Нельзя не остановится на правах женщины, как потерпевшей от преступления. Древнерусское законодательство допускает много случаев ответственности за причинение вреда жизни, здоровью, чести, половой и имущественной неприкосновенности женщины, В целом ответственность за преступление совершенное в отношении женщины зависит от ее социального статуса. Особенно это прослеживается в источниках, относящихся к светской юрисдикции.

Княжеские уставы содержат в себе сведения об ответственности за совершения преступления по отношению к различным категориям женщин.

Особенностью Устава князя Ярослава является то, что он посвящался главным образом семейно-брачным отношениям и преступлениям против семьи и нравственности, то есть тем общественно-опасным деяниям, которые наиболее тесно касались интересов женщины. Встречались наказания за эти деяния как бы двойственные и от; князя и от епископа.
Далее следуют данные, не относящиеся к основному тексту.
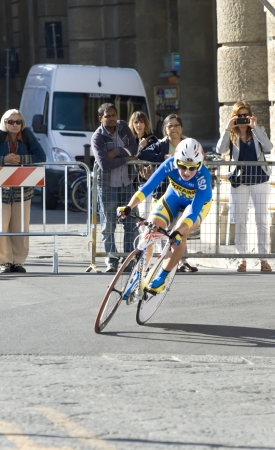UCI road world championships  Tuscany 2013  Individual time trial  Women Juniors Gerard Helene, France note  the identification of athletes has been based on the order of departure may not be exact even though the attention givenのeditorial素材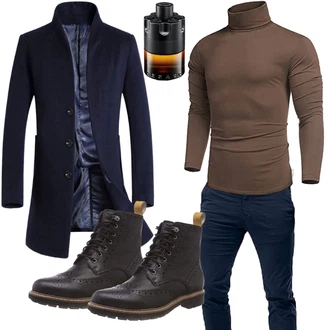 Elegante Outfits Schmal mit Rot COOFANDY "Elegant Outfit"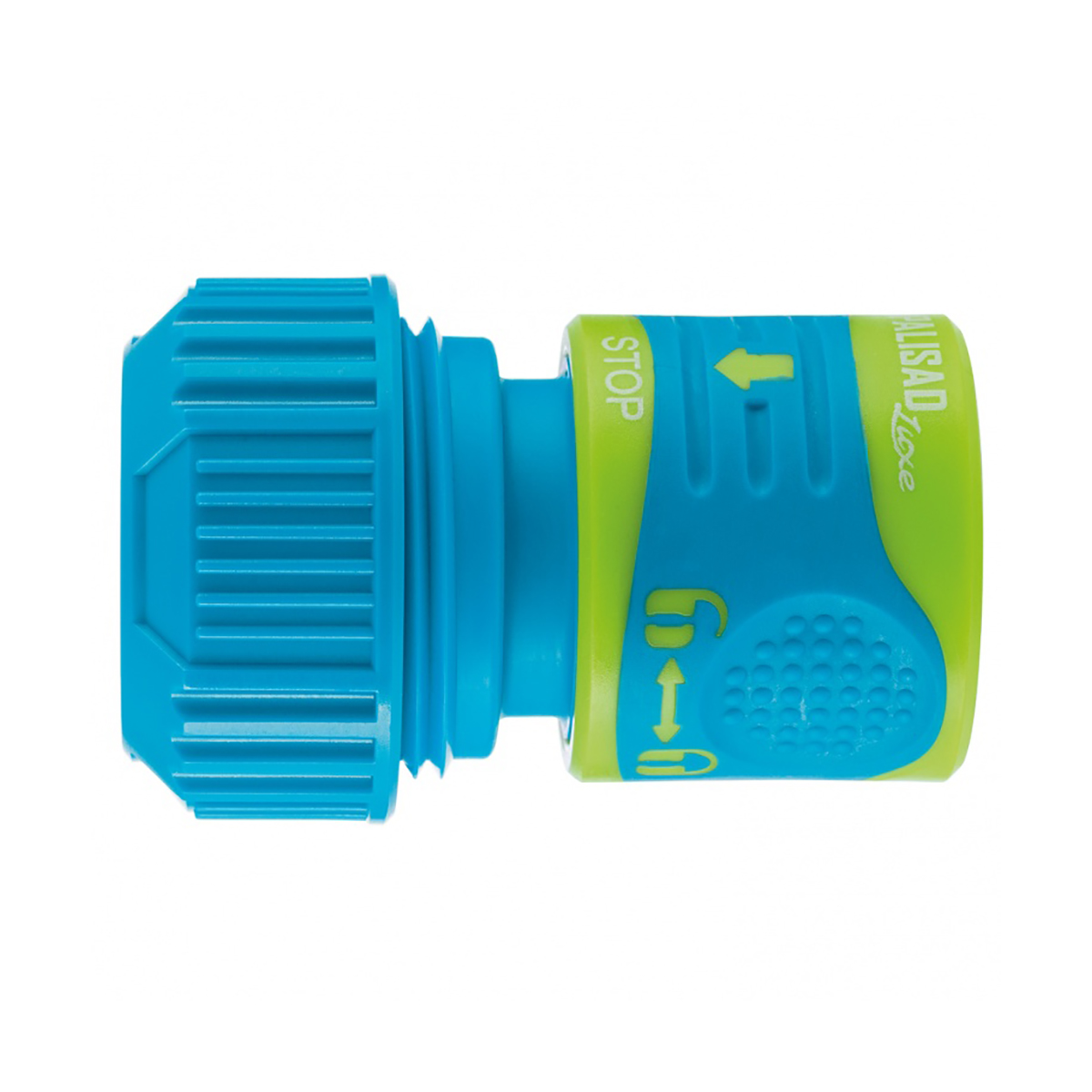 Соединитель для шлангов "luxe" 3/4" аквастоп (1/96) "palisad" 66242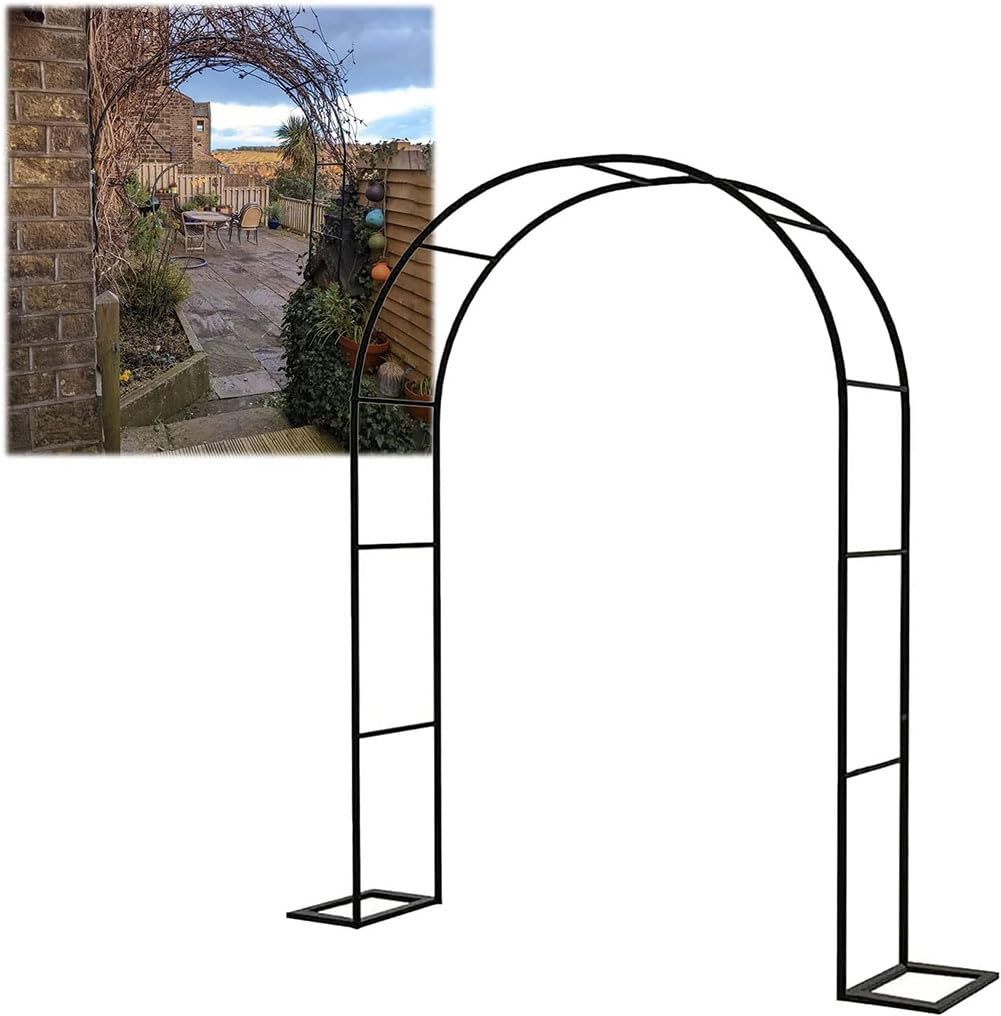 Arche de jardin en métal robuste pour rosiers et plantes grimpantes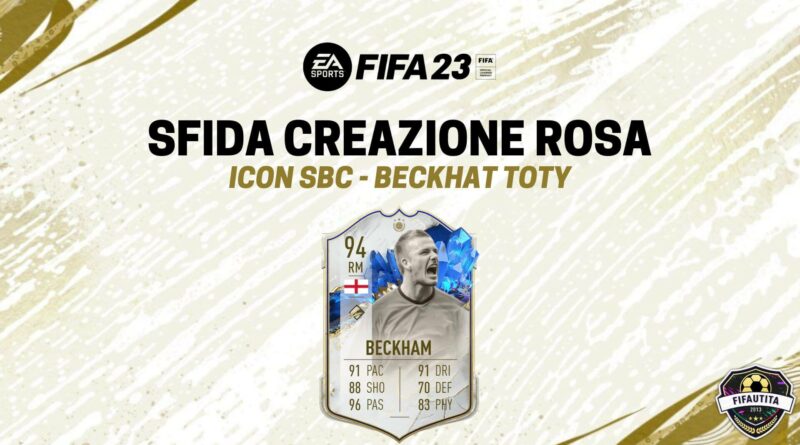 FIFA 23: Beckham Icon TOTY SBC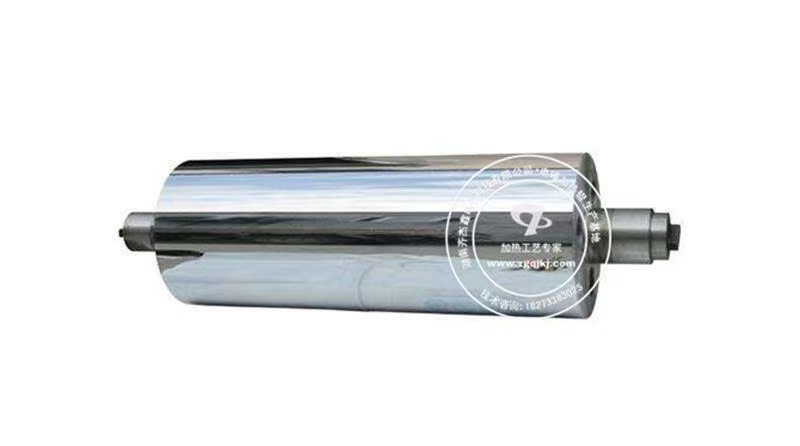 Calendering electromagnetic heating roll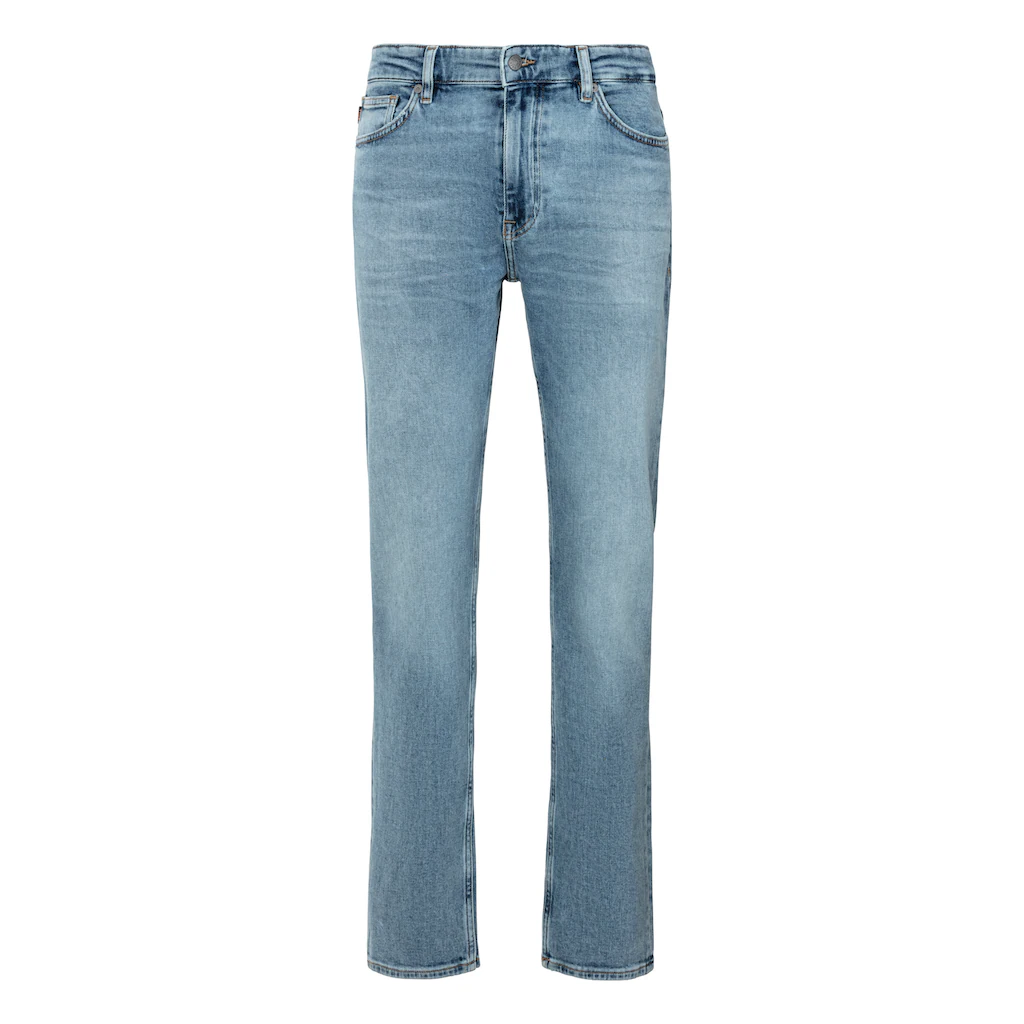 BOSS ORANGE Straight-Jeans »DELAWARE BO« mit Leder-Badge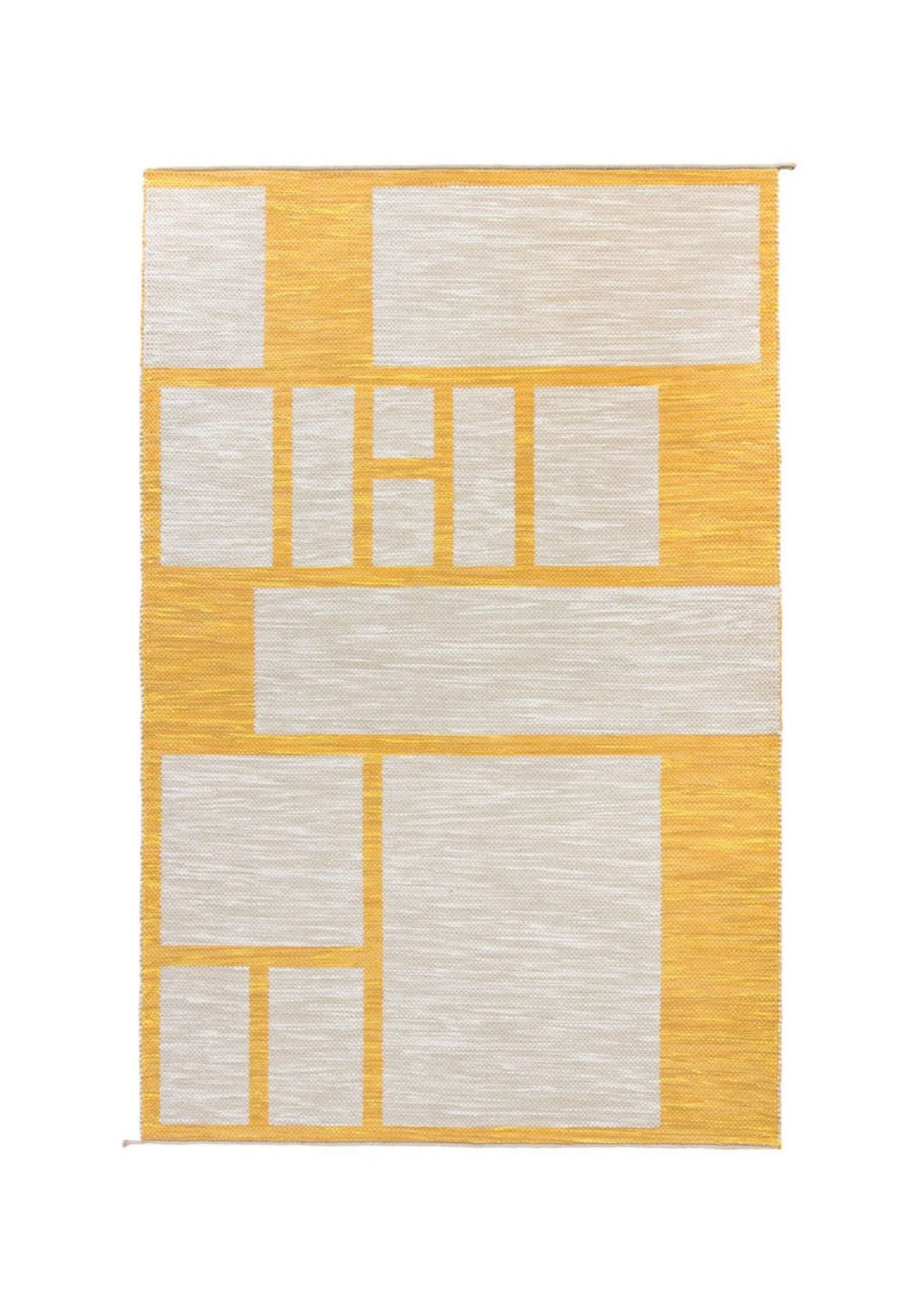 Yellow rug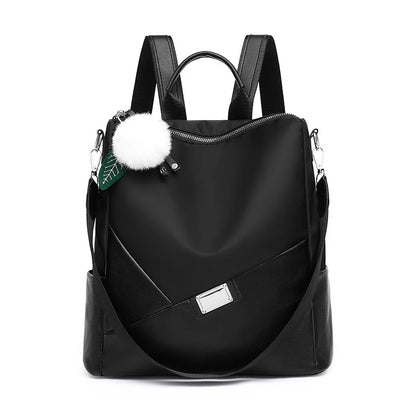 Fashion Waterproof Oxford Cloth Backpack Women Crossbody Shoulder Bag Large Capacity Anti-theft Bookbag For Teenagers Girls 2023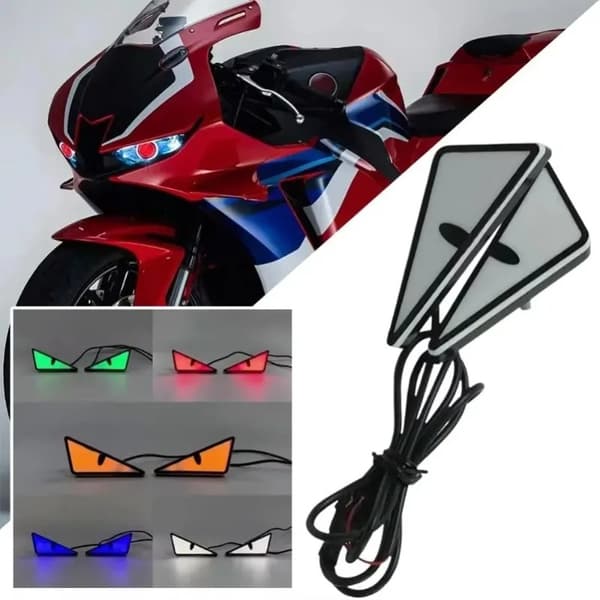 Fin Universal Motorcykel LED Devil Eyes Dynamisk Forlygte Mini Projektor Linse Lampe Motorcykel Tilbehør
Почти все наказания, установленные уставом имущественного характера, а смертная казнь устанавливается только в одном случае в ст. 13 Устава, которая определяет ответственность мужа за двоежёнство. Наказание вводилось в размере 40 гривен в пользу епископа. Этой же статьей устанавливалась ответственность и для незаконной жены, она заключалась в монастырь. Смертная казнь по этой статье устанавливалась только в случае, если муж причинял вред здоровью или жизни своей законной жены, например, убивал или калечил ее.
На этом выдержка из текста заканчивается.